El 35º informe de la Red Nacional de Monitoreo advierte sobre el crecimiento del vector en las zonas endémicas y el Centro-Norte del país. A pesar de los resultados negativos para Spiroplasma, los expertos instan a intensificar los controles en cultivos que aún transitan estadios vulnerables.

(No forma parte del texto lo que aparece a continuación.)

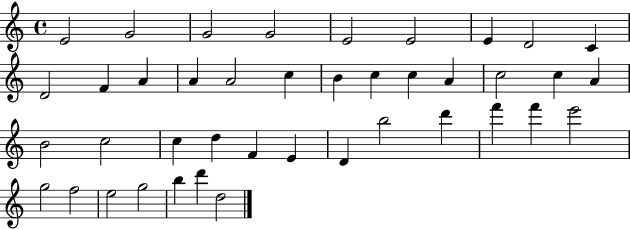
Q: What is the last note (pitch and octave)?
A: D5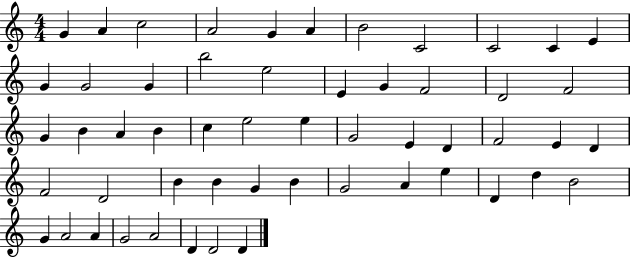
G4/q A4/q C5/h A4/h G4/q A4/q B4/h C4/h C4/h C4/q E4/q G4/q G4/h G4/q B5/h E5/h E4/q G4/q F4/h D4/h F4/h G4/q B4/q A4/q B4/q C5/q E5/h E5/q G4/h E4/q D4/q F4/h E4/q D4/q F4/h D4/h B4/q B4/q G4/q B4/q G4/h A4/q E5/q D4/q D5/q B4/h G4/q A4/h A4/q G4/h A4/h D4/q D4/h D4/q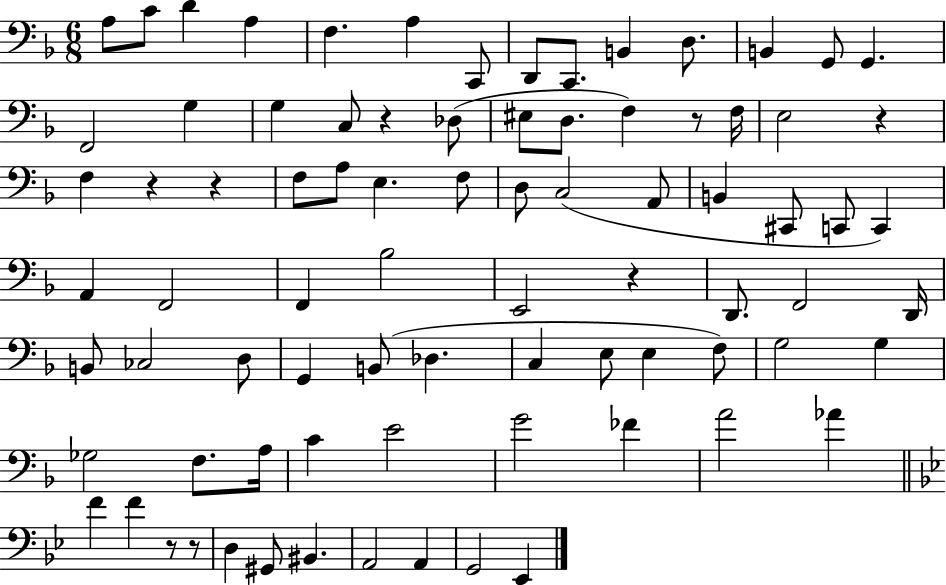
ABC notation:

X:1
T:Untitled
M:6/8
L:1/4
K:F
A,/2 C/2 D A, F, A, C,,/2 D,,/2 C,,/2 B,, D,/2 B,, G,,/2 G,, F,,2 G, G, C,/2 z _D,/2 ^E,/2 D,/2 F, z/2 F,/4 E,2 z F, z z F,/2 A,/2 E, F,/2 D,/2 C,2 A,,/2 B,, ^C,,/2 C,,/2 C,, A,, F,,2 F,, _B,2 E,,2 z D,,/2 F,,2 D,,/4 B,,/2 _C,2 D,/2 G,, B,,/2 _D, C, E,/2 E, F,/2 G,2 G, _G,2 F,/2 A,/4 C E2 G2 _F A2 _A F F z/2 z/2 D, ^G,,/2 ^B,, A,,2 A,, G,,2 _E,,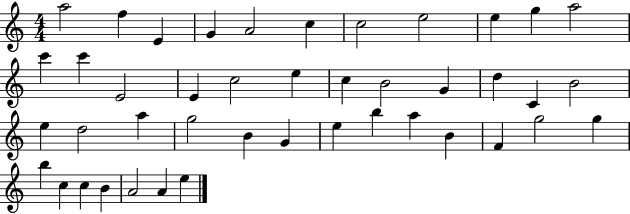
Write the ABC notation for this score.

X:1
T:Untitled
M:4/4
L:1/4
K:C
a2 f E G A2 c c2 e2 e g a2 c' c' E2 E c2 e c B2 G d C B2 e d2 a g2 B G e b a B F g2 g b c c B A2 A e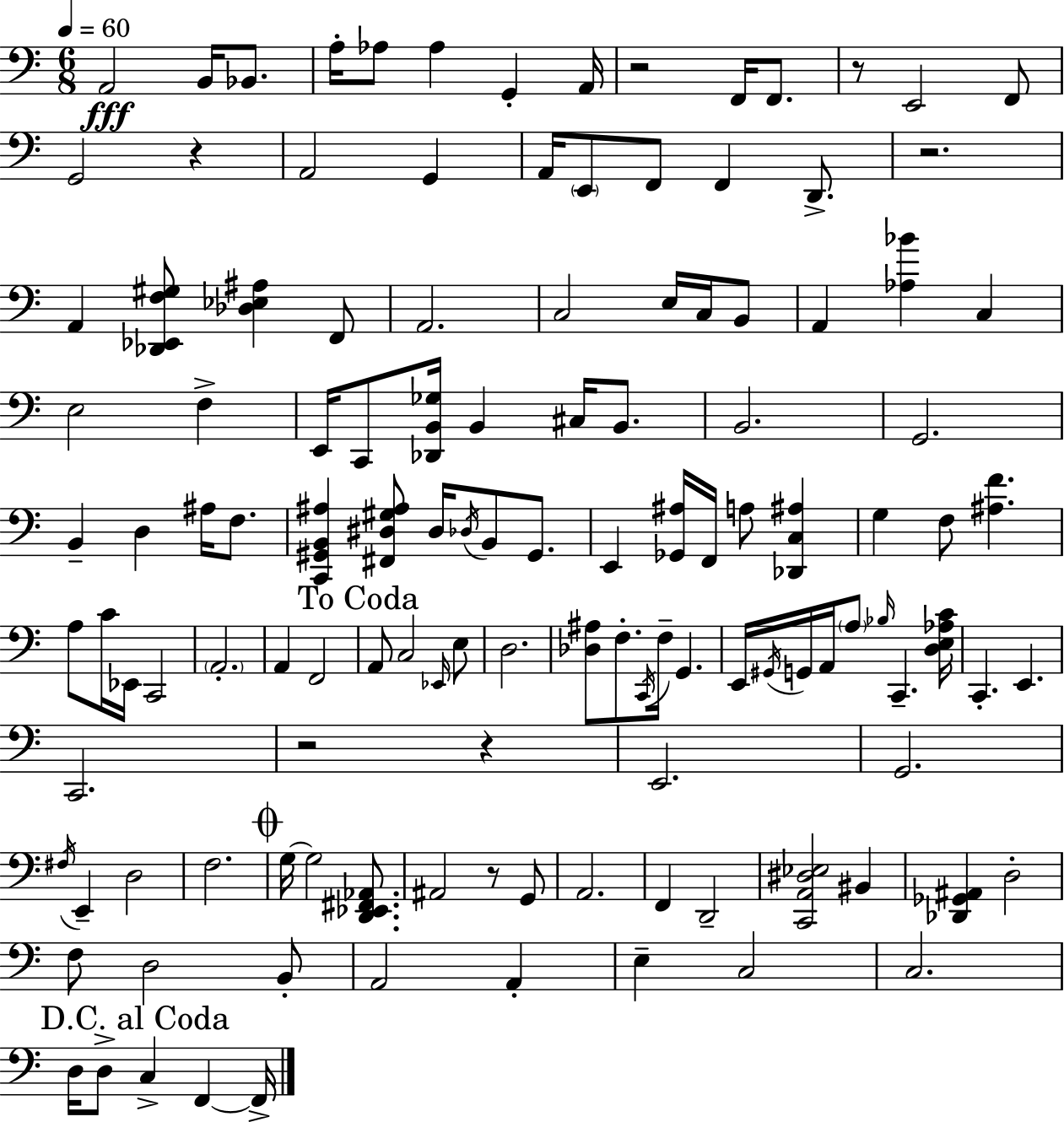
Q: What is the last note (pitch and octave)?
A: F2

El avance de la chicharrita (Dalbulus maidis) ha cobrado impulso en la segunda quincena de enero, impulsado por las altas temperaturas y la extensión de los maíces tardíos. Según el último reporte de la Red Nacional de Monitoreo, elaborado con datos relevados entre el 17 y el 31 de enero de 2026, se registra un aumento generalizado de las poblaciones del insecto en gran parte de las regiones productoras, con la excepción del Centro-Sur del país, donde el vector permanece mayoritariamente ausente.

Situación en las zonas endémicas En el NOA, la presencia del vector continúa en ascenso, coincidiendo con los primeros estadios fenológicos de los cultivos. Si bien en un 25% de las trampas no se detectó al insecto, se observaron picos de abundancia en puntos neurálgicos como Alto Verde (Tucumán) y Los Altos (Catamarca), zonas caracterizadas por la realización de maíz primaveral.

Por su parte, en el NEA, solo el 15% de las localidades reportó ausencia del vector. Los mayores incrementos poblacionales se localizaron en Santa Fe (especialmente en Calchaquí) y Santiago del Estero (Colonia Alpina), donde el 83% de las trampas monitoreadas se encuentran ubicadas sobre lotes de maíz.

Incremento significativo en el Centro-Norte y estabilidad en el Litoral La región Centro-Norte experimentó el crecimiento más notable de la plaga: la chicharrita estuvo presente en el 74% de las localidades, con detecciones elevadas en las zonas de San Justo y San Guillermo, en la provincia de Santa Fe. En esta área, la preocupación radica en que el 50% de los cultivos aún se encuentra en estadios vegetativos, lo que aumenta el riesgo de colonización temprana.

En contraste, el Litoral presenta un escenario de menor riesgo sanitario inmediato. Aunque se registraron aumentos en Curuzú (Corrientes) y Concepción del Uruguay (Entre Ríos), el 75% de los maíces de la región ya han alcanzado estadios reproductivos, situándose fuera de peligro frente a eventuales infecciones.

Un dato alentador: infectividad negativa A pesar del aumento en la cantidad de insectos, los análisis de infectividad para Spiroplasma (CSS) han arrojado resultados negativos en las regiones NEA y Centro-Norte. No obstante, los especialistas advierten que no se debe bajar la guardia. Dado que gran parte de los maíces tardíos atraviesan su período de susceptibilidad, es indispensable intensificar el monitoreo tanto con trampas como de forma directa sobre el cultivo.

La Red Nacional de Monitoreo subraya que la detección oportuna en las fases iniciales de desarrollo es determinante para preservar la eficacia de las estrategias de manejo y reducir el impacto sanitario de las enfermedades transmitidas por el vector. Mientras tanto, en el Centro-Sur, el escenario sigue siendo de tranquilidad, con un 88% de las localidades sin detecciones del vector.